I follow the following link to set up the hyperparameters for SAC to solve “CartPole-v0”, which is a very easy task. However, the mean rewards always remain about 10. Do I miss something?
https://github.com/ray-project/ray/blob/master/rllib/tuned_examples/sac/cartpole-sac.yaml
import ray
#import ray.rllib.agents.ppo as ppo
import ray.rllib.agents.sac as sac
ray.init()
config = sac.DEFAULT_CONFIG.copy()
config[“num_gpus”] = 0
#config[“framework”] = “torch”#
config[“framework”] = “tf”
config[“no_done_at_end”] = “false”
config[“gamma”] = 0.95
config[“target_network_update_freq”] = 32
config[“tau”] = 1.0
config[“train_batch_size”] = 32
config[‘optimization’][‘actor_learning_rate’] = 0.005
config[‘optimization’][‘critic_learning_rate’] = 0.005
config[‘optimization’][‘entropy_learning_rate’] = 0.0001
#trainer = sac.SACTrainer(config=config, env=“MountainCar-v0”)

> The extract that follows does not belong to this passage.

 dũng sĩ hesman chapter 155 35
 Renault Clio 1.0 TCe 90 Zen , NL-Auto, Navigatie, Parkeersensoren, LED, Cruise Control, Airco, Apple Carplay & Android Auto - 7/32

trainer = sac.SACTrainer(config=config, env=“CartPole-v0”)
for i in range(5000):
Perform one iteration of training the policy with PPO
result = trainer.train()
if i % 10 == 0:
#checkpoint = trainer.save()
print("i: “, i,” reward: ",result[‘episode_reward_mean’])
1 Like
Hi I took a look at your script, a few things:
-
you are passing string “false” to the parameter no_done_at_end. python interprets that as a True value. So the env is outputting episodes without done bit at the end and completely confuses the trainer.
-
you actually don’t need to init the config dict with DEFAULT_CONFIG yourself. RLlib will do it for you. E.g., the following script works:
import ray
import ray.rllib.agents.sac as sac
ray.init(local_mode=True)
config = {
'framework': 'tf',
'gamma': 0.95,
'no_done_at_end': False,
'target_network_update_freq': 32,
'tau': 1.0,
'train_batch_size': 32,
'optimization': {
'actor_learning_rate': 0.005,
'critic_learning_rate': 0.005,
'entropy_learning_rate': 0.0001
}
}
trainer = sac.SACTrainer(config=config, env="CartPole-v0")
for i in range(5000):
result = trainer.train()
if i % 10 == 0:
print("i: ", i, result["timesteps_total"], " reward: ", result["episode_reward_mean"])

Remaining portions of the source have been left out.